*Prompt*
Pictures in the entries below are to be left out; otherwise, reproduce exactly the lines from the first through the line containing "8650 Gross Point Rd., Skokie, IL 60077".

(Records for the task Opens)

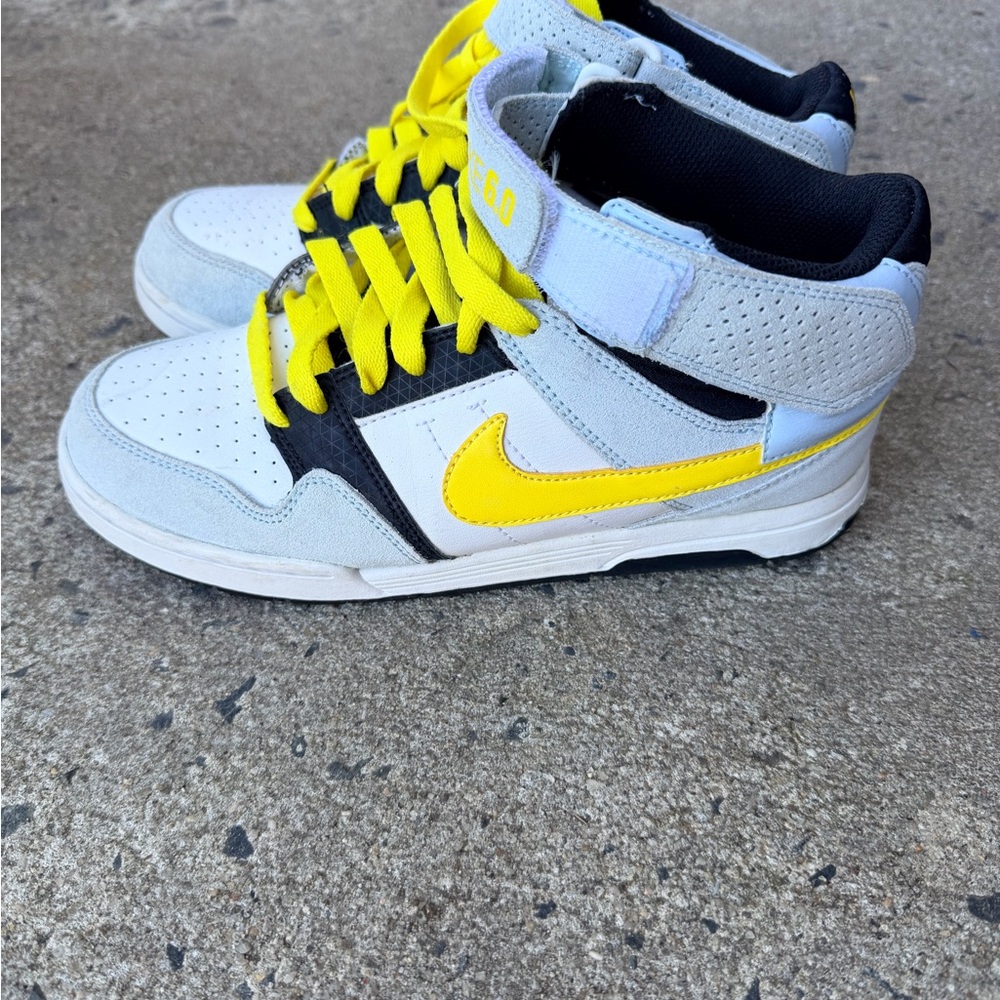 Nike Kids Sneakers - White, Black, Yellow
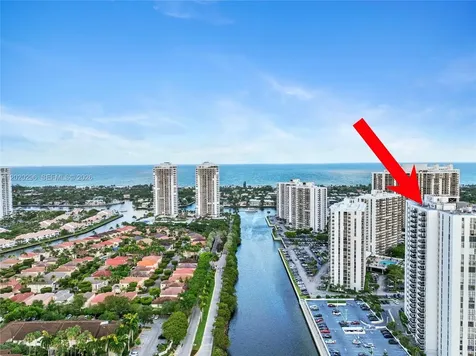 3625 N Country Club Drive Aventura FL 33180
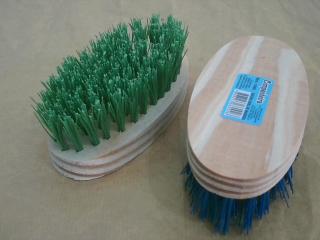 CEPILLO PARA ROPA DE MADERA COMPANHEIRA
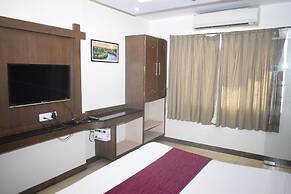 Hotel Tamizh Park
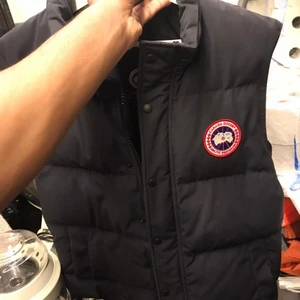 Canada goose väst - Ganska ny 8-10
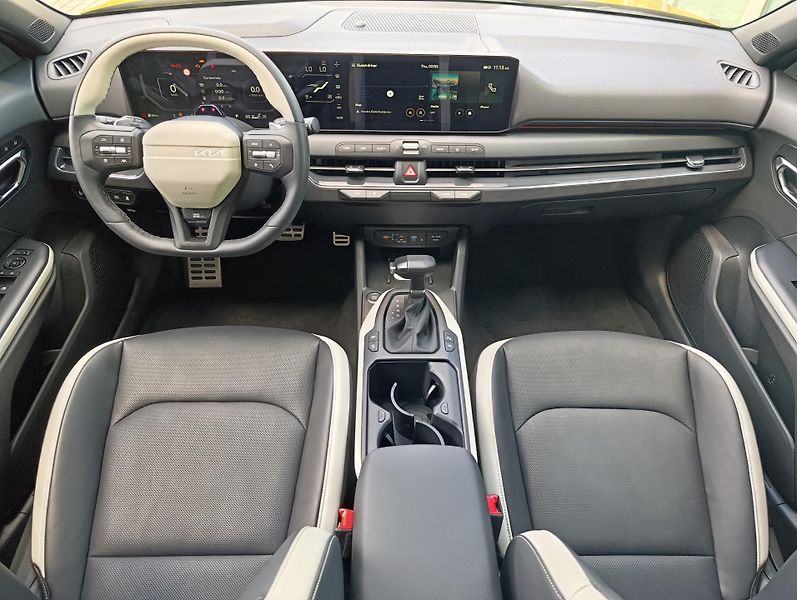 Kia K4 (2026) CL4 1,6 T-GDi 7DCT GT-LINE+S - fotka 5 z 6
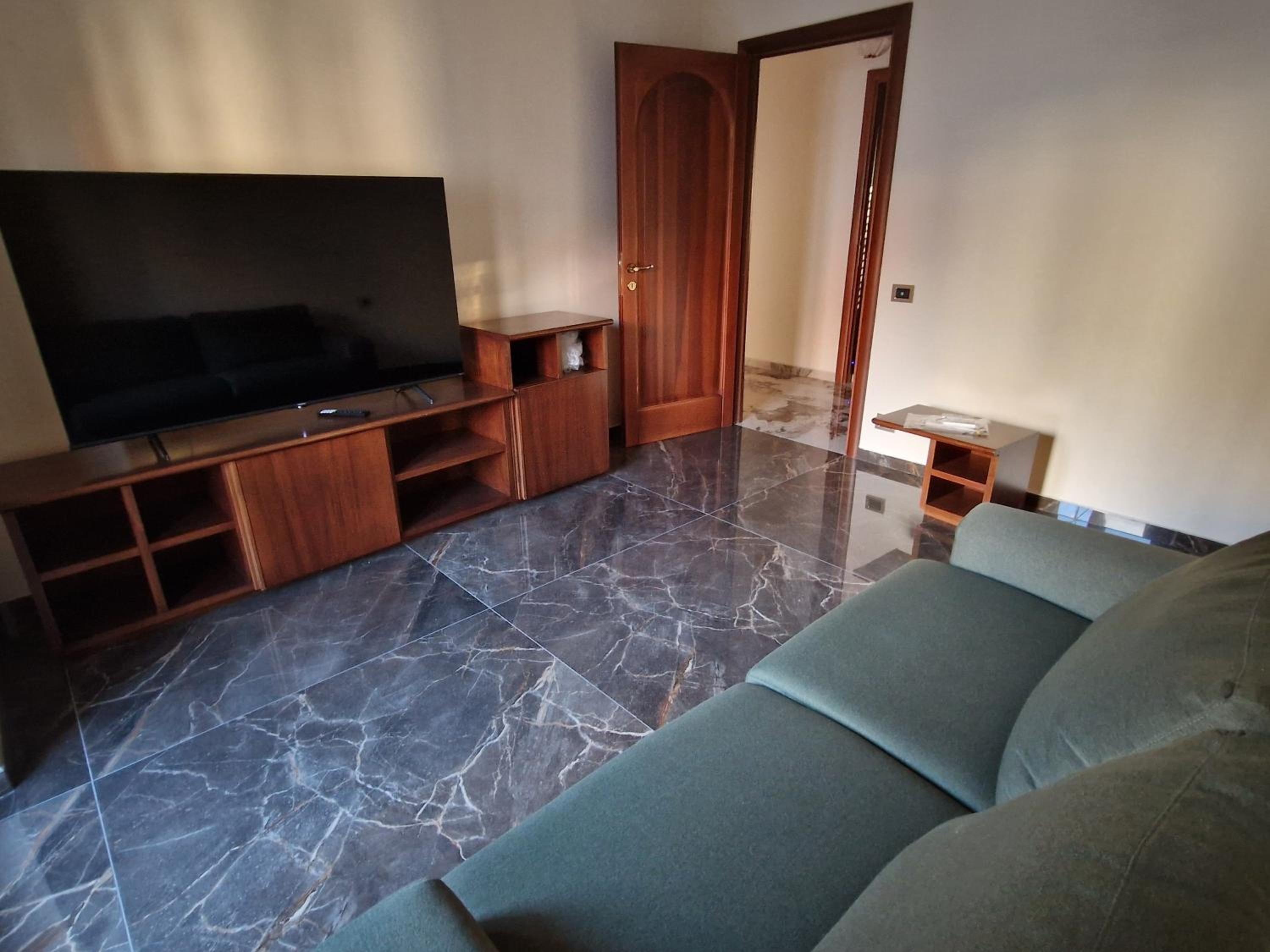 Two-Bedroom Deluxe Apartment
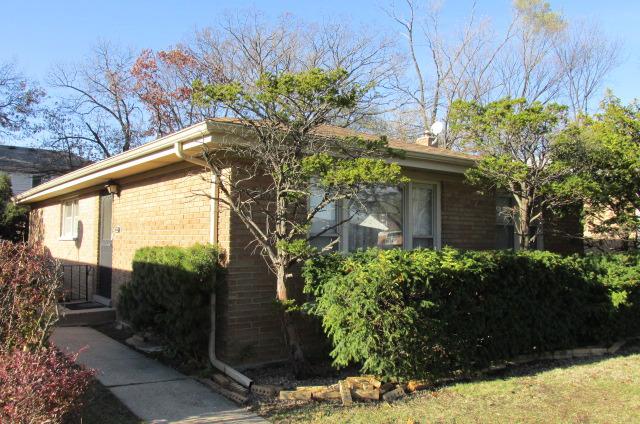 8650 Gross Point Rd., Skokie, IL 60077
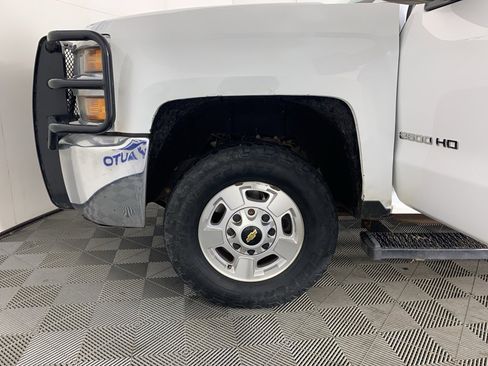 Used 2019 Chevrolet Silverado 2500 W/T image 10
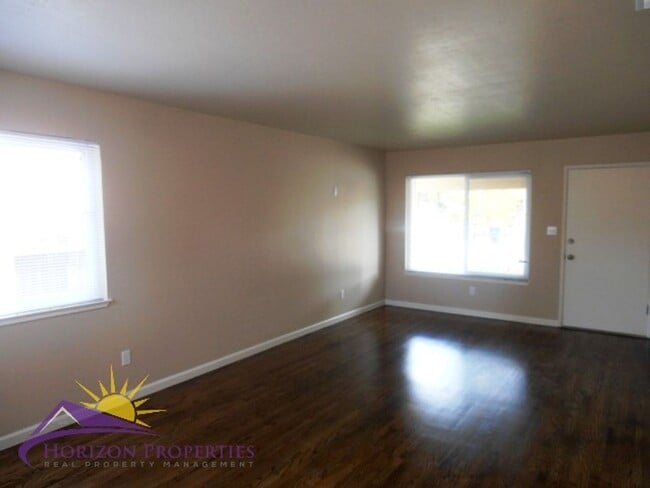 Building Photo - 7009-7011 Zeeland Dr
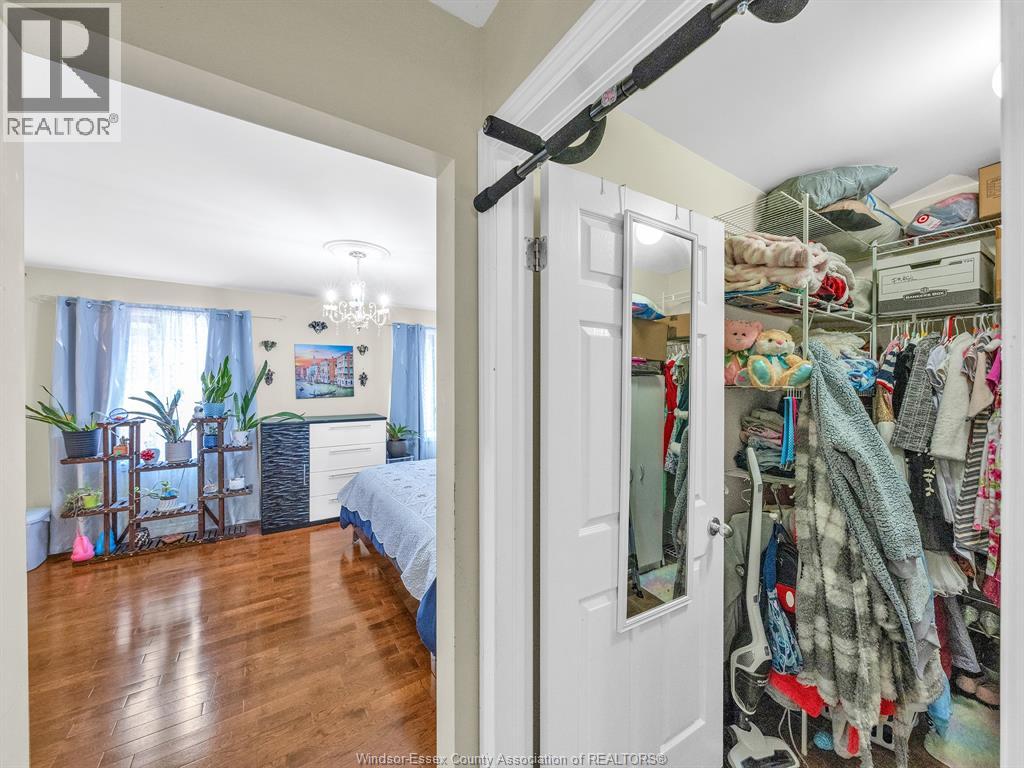 1098 STONEYBROOK CRESCENT - 31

(Records for the task Closes)

*Response to the exercise*
 Nike Kids Sneakers - White, Black, Yellow
 3625 N Country Club Drive Aventura FL 33180
 CEPILLO PARA ROPA DE MADERA COMPANHEIRA
 Hotel Tamizh Park
 Canada goose väst - Ganska ny 8-10
 Kia K4 (2026) CL4 1,6 T-GDi 7DCT GT-LINE+S - fotka 5 z 6
 Two-Bedroom Deluxe Apartment
 8650 Gross Point Rd., Skokie, IL 60077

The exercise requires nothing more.